Is there a way to numerically integrate a vector function defined via Piecewise?


Example:


 test[s_] := Piecewise[{
{{s, s^2, s^3}, s < -2},
{{0, s - 1, Sin[s]}, -2 <= s < 1},
{{1 - s^2, Exp[s], 0},1 <= s}}]
NIntegrate[test[s],{s,-2,2}]


This gives NIntegrate::inum: Integrand … is not numerical at … as error.



Answer



I suppose I dislike mixing structural operations - like Thread - inside algebraic expressions.
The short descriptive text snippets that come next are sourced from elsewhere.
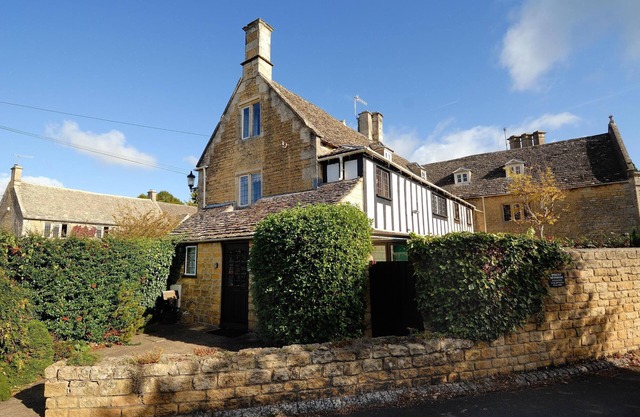 Cloisters Cottage in Bourton-on-the-water With Off Road Park For Two Cars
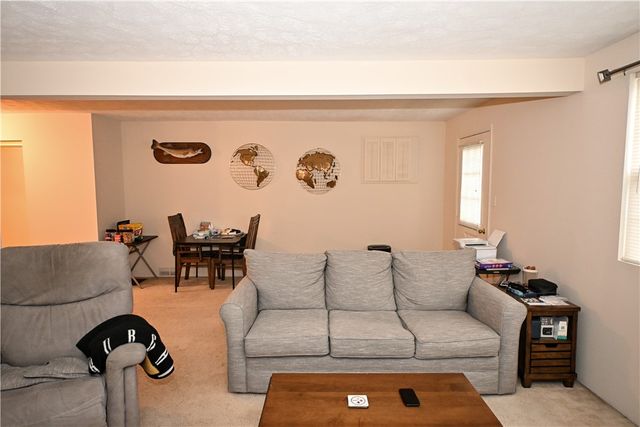 1915 Maratta Rd, Hopewell Twp, PA 15001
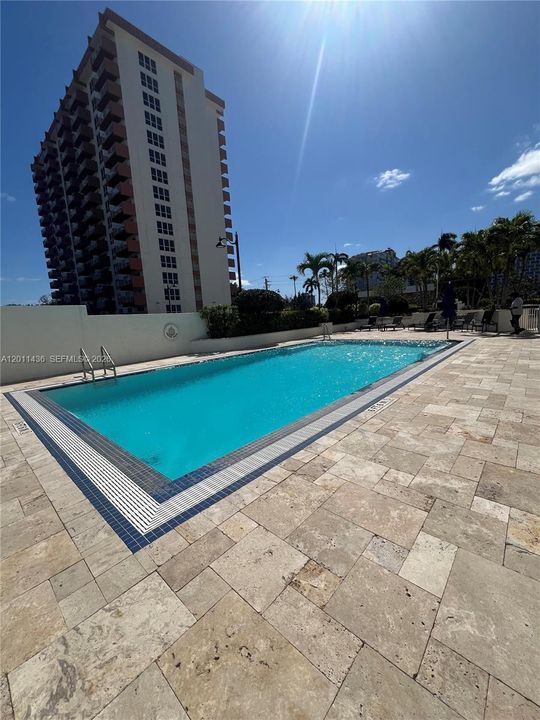 For Sale: $465,000 (2 beds, 2 baths, 1202 Square Feet)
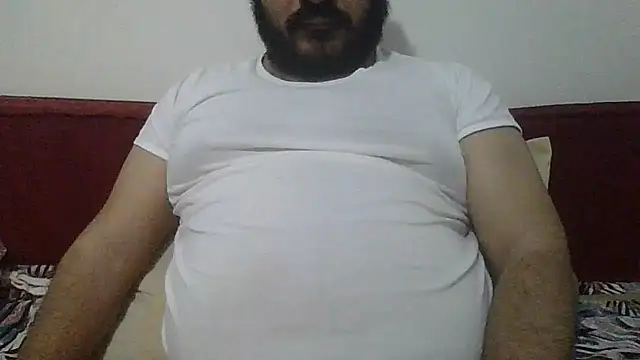 UrfavSlaveBitch online show from 04-01-26, 06:38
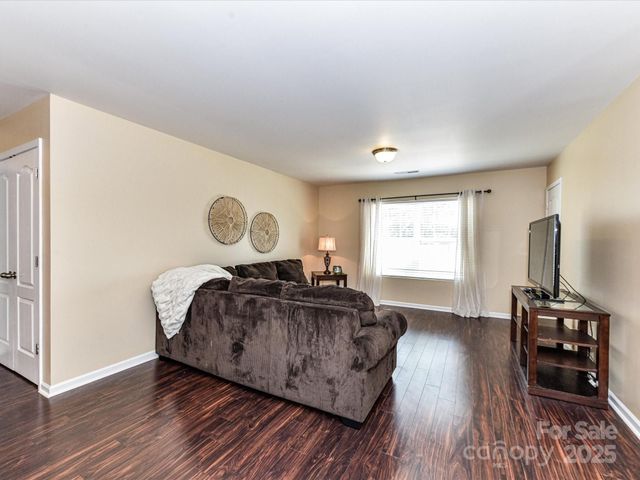 1201 Mountain Laurel Court, Matthews, NC 28104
My objections are two-fold:


1) I prefer to keep Mathematica operations distinct from actual algebra for aesthetic reasons.


2) If an expression is cut and pasted and changed, operations like Thread can all too easily end up chewing into mathematical expressions, and generate nonsense!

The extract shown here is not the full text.